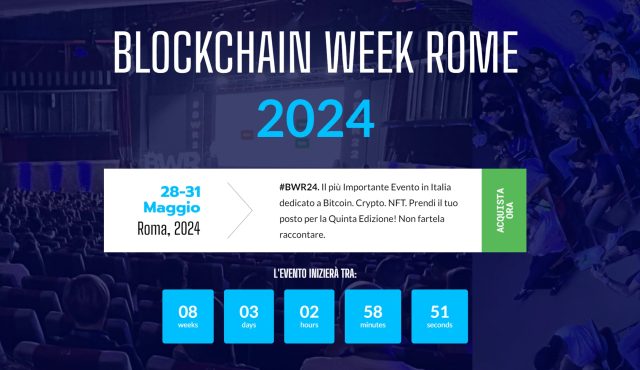 blockchain week rome 2024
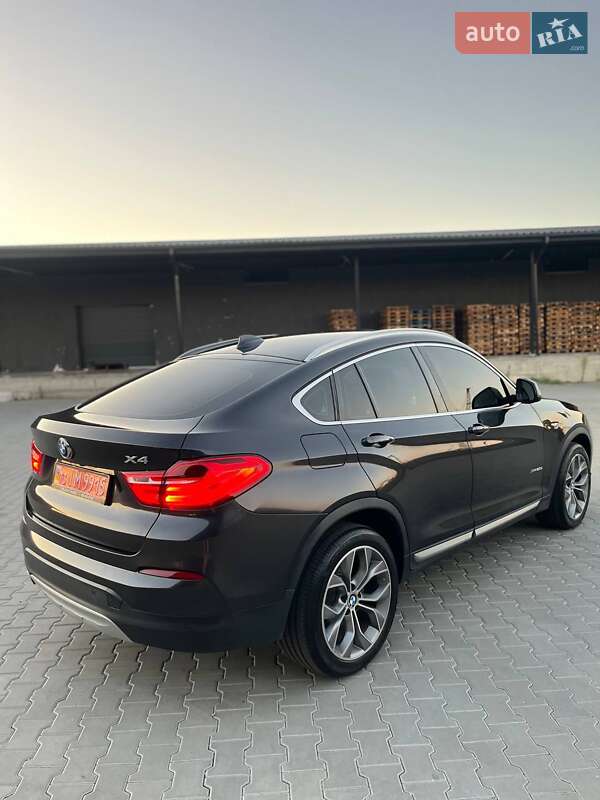 Внедорожник / Кроссовер BMW X4 2015 в Киеве фото 2 Внедорожник / Кроссовер BMW X4 2015 в Киеве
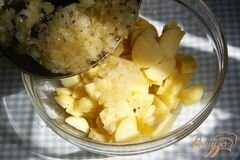 «Классический немецкий картофельный салат» - приготовления блюда - шаг 8
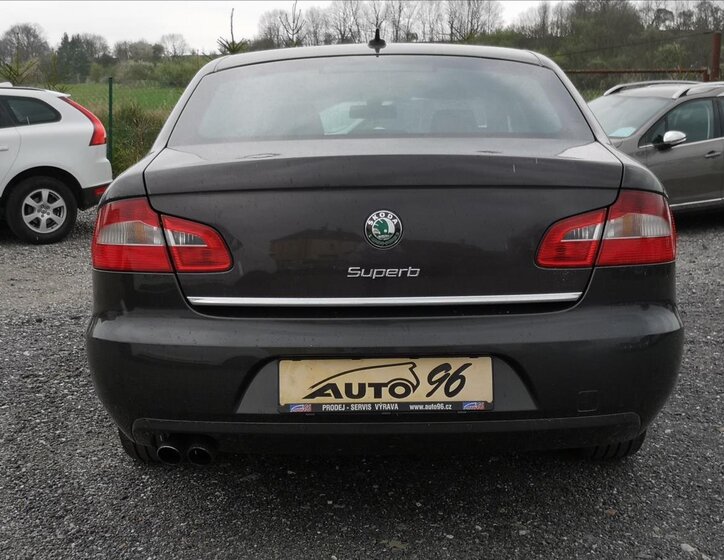 Škoda Superb Sedan / Limuzína 2,0 l 147 kw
= = = =
YOUR ASSIGNMENT. Pictures aside, retype the material exactly.

SOLUTION TO THE PROBLEM.
 blockchain week rome 2024
 Внедорожник / Кроссовер BMW X4 2015 в Киеве фото 2 Внедорожник / Кроссовер BMW X4 2015 в Киеве
 «Классический немецкий картофельный салат» - приготовления блюда - шаг 8
 Škoda Superb Sedan / Limuzína 2,0 l 147 kw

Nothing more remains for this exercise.